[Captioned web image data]
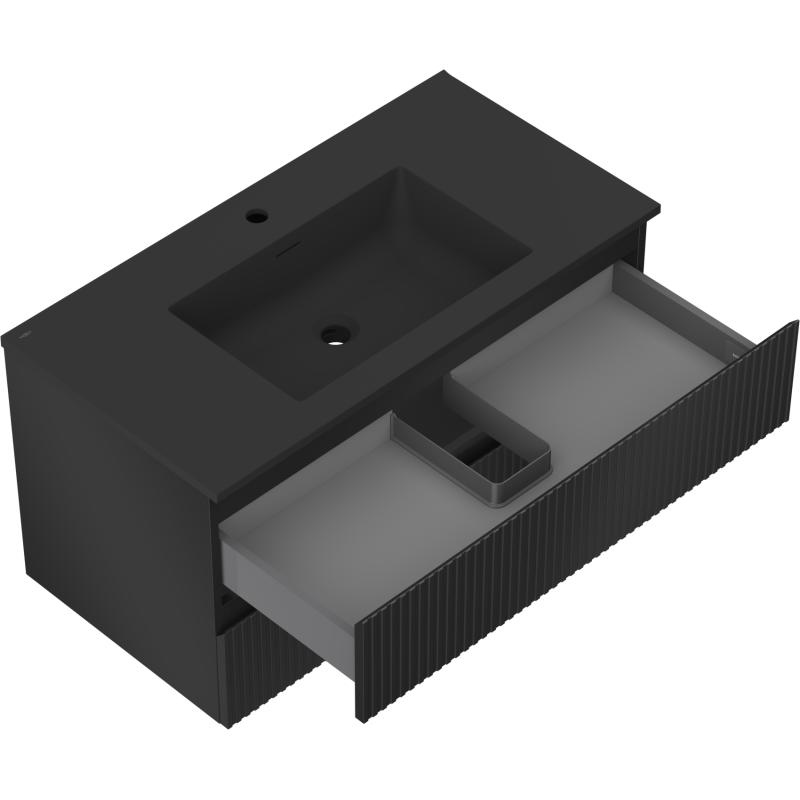 Mexen Rivel шкафче за баня 90 см с мивка Otis, 2 чекмеджета, оребрено, черен мат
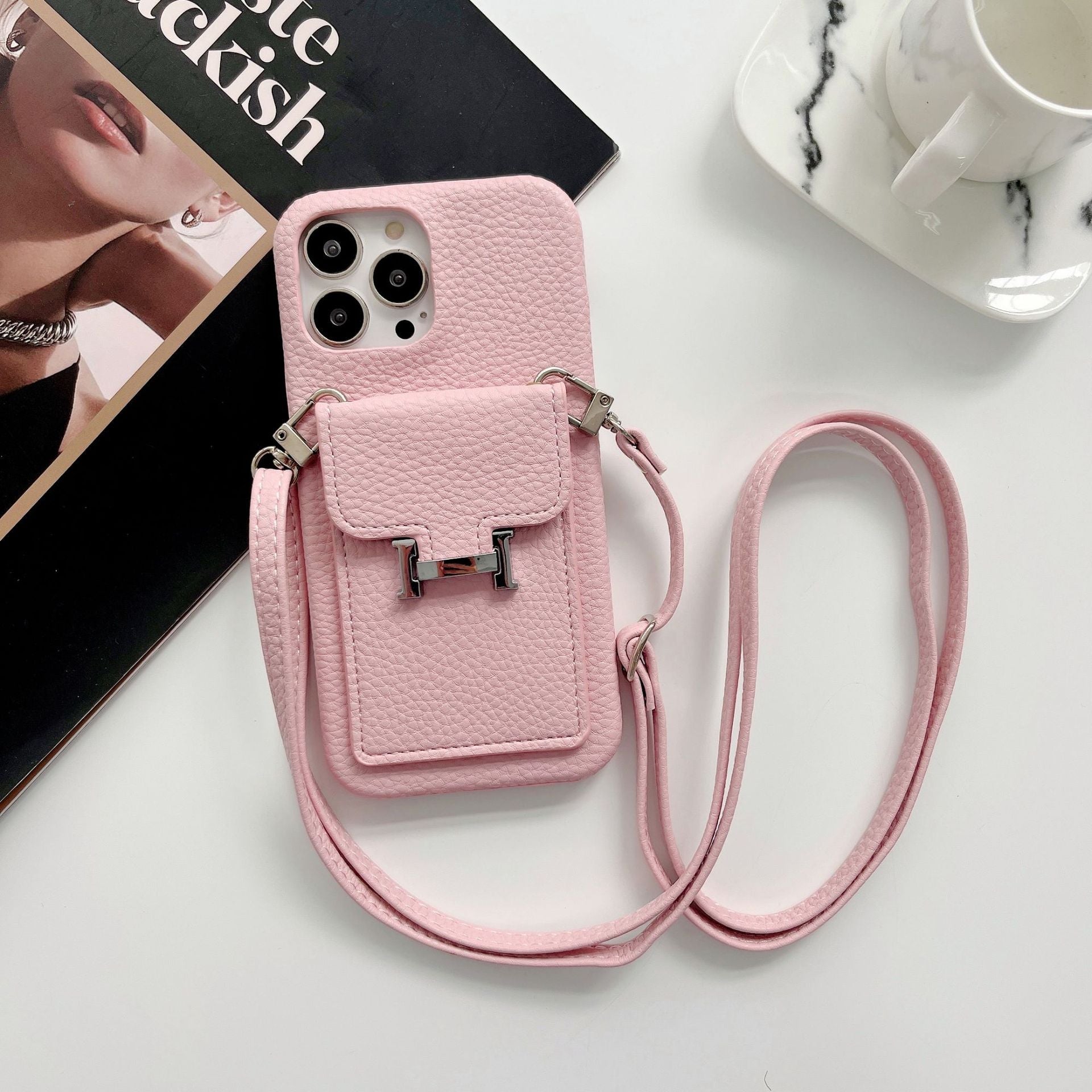 Funda para iPhone con cadena de cuero y tarjetero H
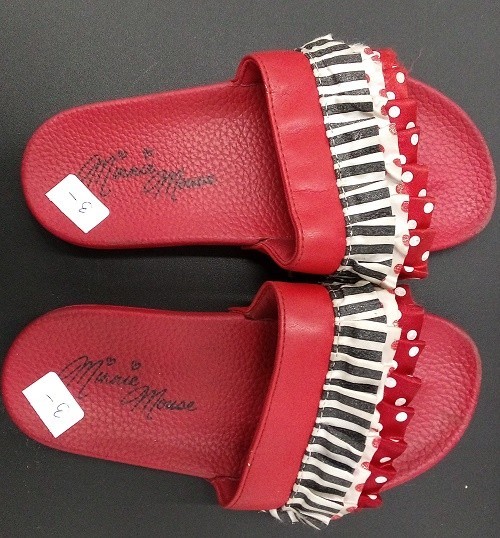 Minnie Mouse red sandals kids size 1-2 (black and white stripes, polka dot ruffl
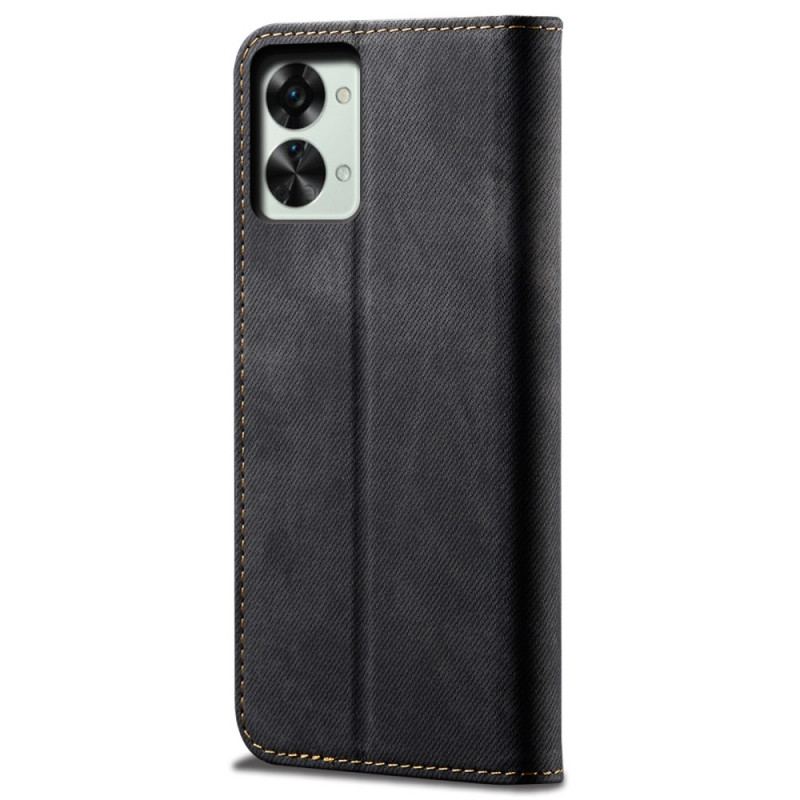 Flip Cover OnePlus Nord 2T 5G Tissu Jeans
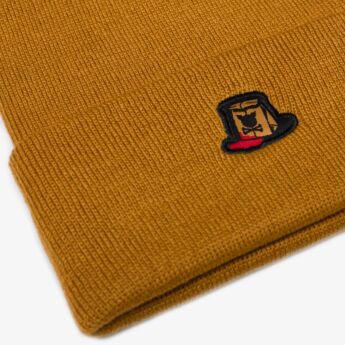 "Lunch" Brown Beanie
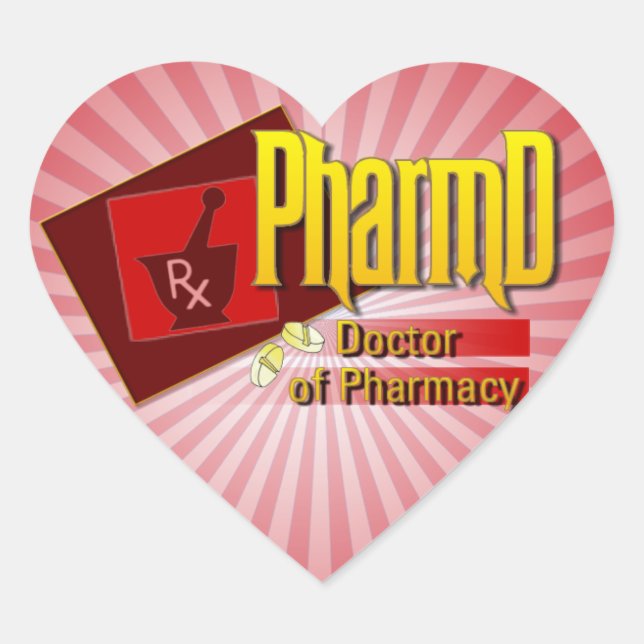 PharmD Arzt für Pharmacy LOGO Herz-Aufkleber (Vorderseite)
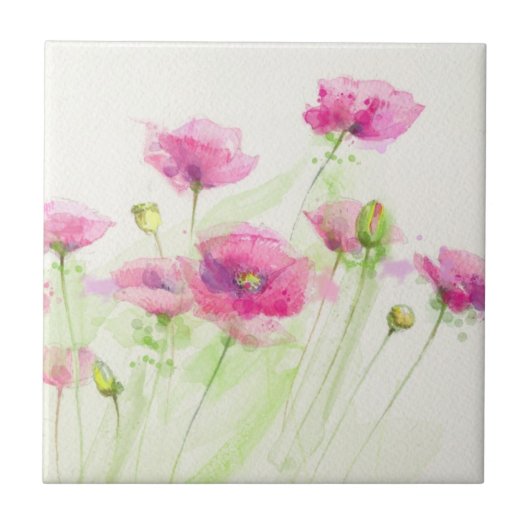 Gemalte Aquarellmohnblumen 3 Fliese (Vorderseite)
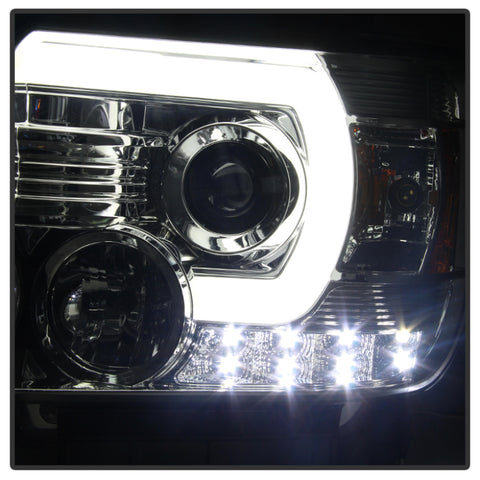 Spyder GMC Sierra 14-16 Projector Headlights Light Bar DRL Chrome PRO-YD-GS14-LBDRL-C - 5080622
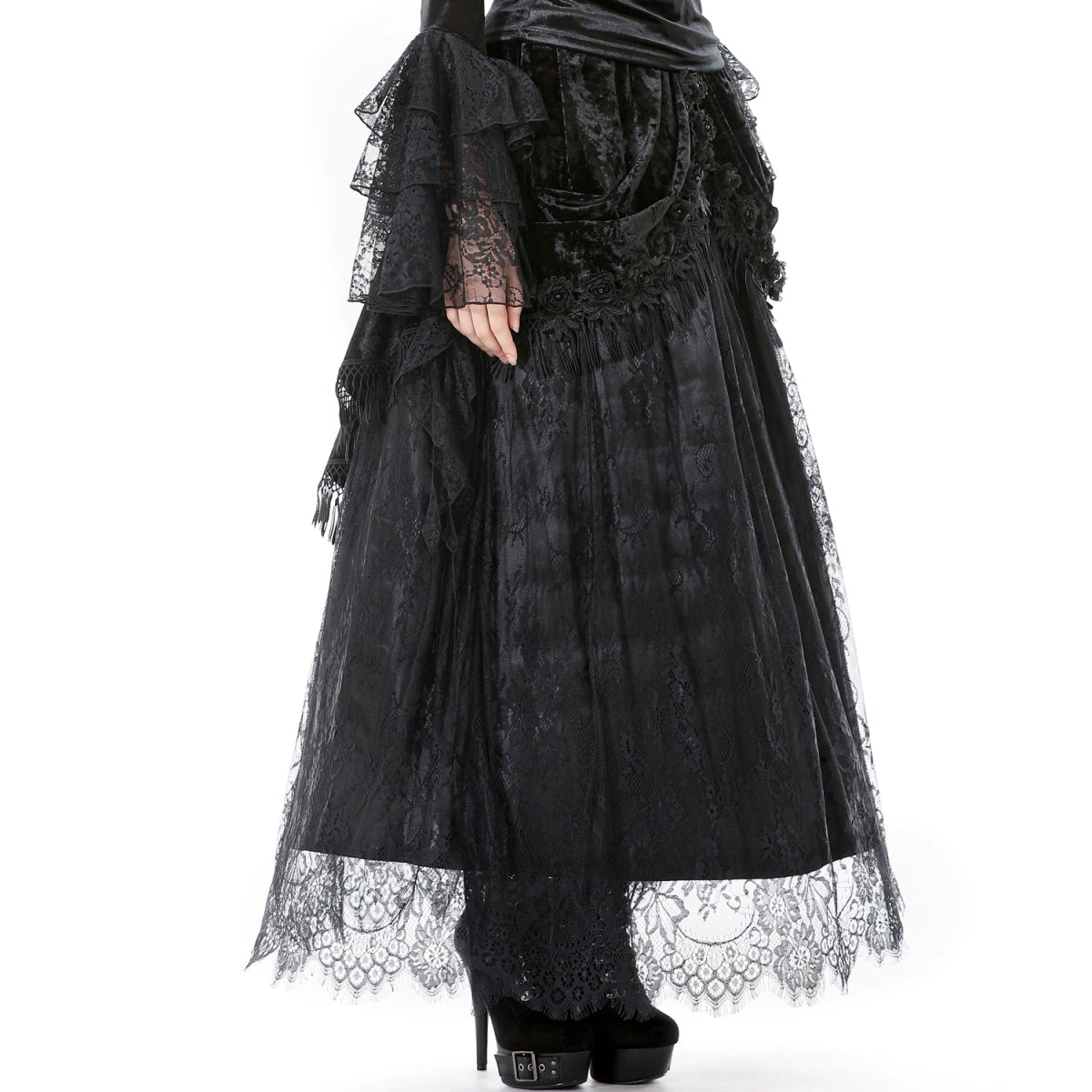 Falda Gótica Maxi Terciopelo Encaje Negra - Crazyinlove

> **REQUIREMENT**
Pictures are to be dropped; every line of the records is to be returned unchanged.

> **ANSWER BOX**
 Mexen Rivel шкафче за баня 90 см с мивка Otis, 2 чекмеджета, оребрено, черен мат
 Funda para iPhone con cadena de cuero y tarjetero H
 Minnie Mouse red sandals kids size 1-2 (black and white stripes, polka dot ruffl
 Flip Cover OnePlus Nord 2T 5G Tissu Jeans
 "Lunch" Brown Beanie
 PharmD Arzt für Pharmacy LOGO Herz-Aufkleber (Vorderseite)
 Gemalte Aquarellmohnblumen 3 Fliese (Vorderseite)
 Spyder GMC Sierra 14-16 Projector Headlights Light Bar DRL Chrome PRO-YD-GS14-LBDRL-C - 5080622
 Falda Gótica Maxi Terciopelo Encaje Negra - Crazyinlove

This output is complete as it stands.